The demanding grape only ripens completely in warm sites. It should be planted in good, south-facing sites that are not too high in altitude. It prefers somewhat barren ground to heavier soils, but thrives best in good, deep soil. Yields are average. It achieves ripeness levels on a par with Silvaner.
Sauvignon Blanc numbers among the wines that have a wealth of aromas and flavors. Dry versions are redolent of bell pepper, black currant, citrus fruits, and gooseberry. In general, they have a fairly pronounced acidity that lends them a fresh character.
Although this white grape is grown primarily in southwestern France, it has made great inroads in recent decades and is now cultivated around the world.

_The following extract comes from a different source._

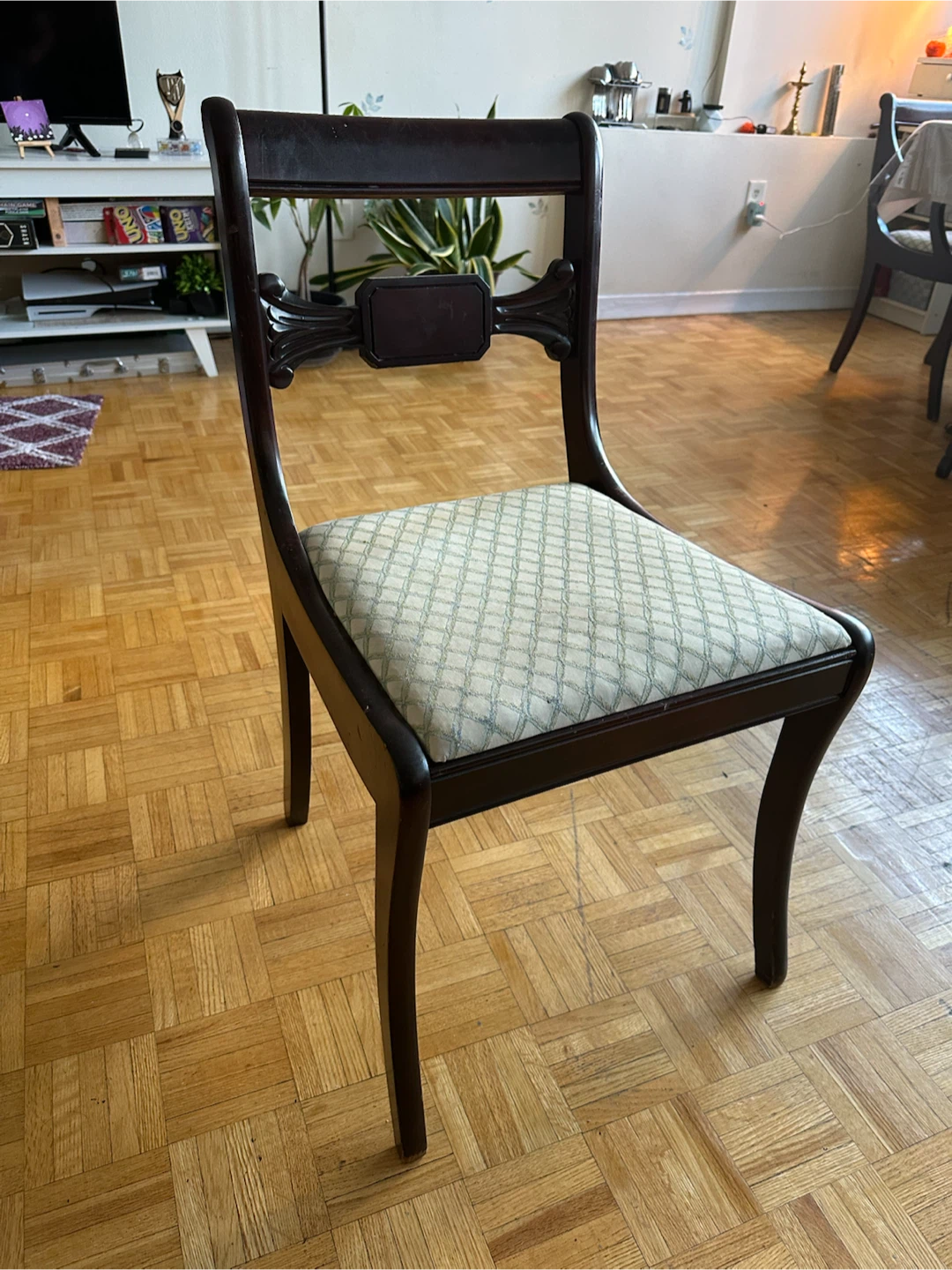 Vintage Dining Table + 6 Chairs – Solid Wood Set - photo 5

With ca. 80,000 ha worldwide, Sauvignon Blanc is one of the most widely planted white grape varieties. Historical documents show that it was in France by at least a.D. 280, where it was cultivated in the Loire Valley before spreading elsewhere.

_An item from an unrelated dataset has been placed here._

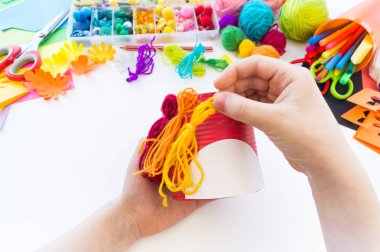 çocuk bir tin tan bir el yapımı tek boynuzlu at yapar. Gökkuşağı saç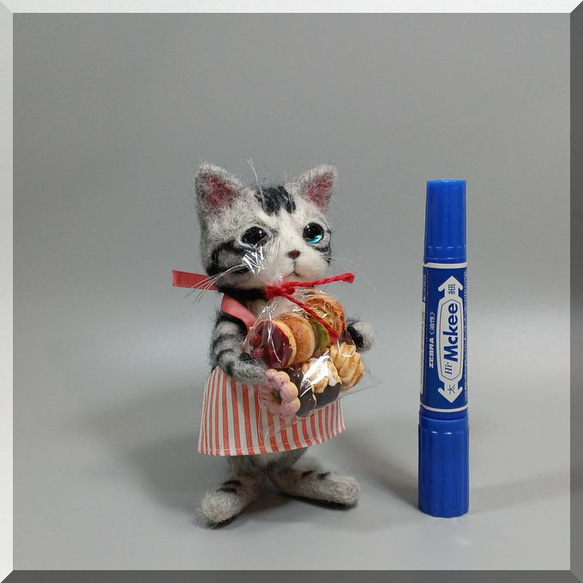 羊毛フェルト 猫 立ちニャンコ ドーナツ大好き猫さん ねこ ネコ 猫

In the meantime, there are now ca. 600 ha of Sauvignon Blanc vines in Germany, primarily in the Pfalz, Rheinhessen, and Baden, and to the suprise of some, a number of these wines have received very high marks at international tastings in recent years.
The wines are excellent with fish, seafood, and vegetable dishes, as well as pasta in creamy sauces. Highly recommended is a glass of Sauvignon Blanc with goats’ milk cheese. It is also popular solo, as an apéritif.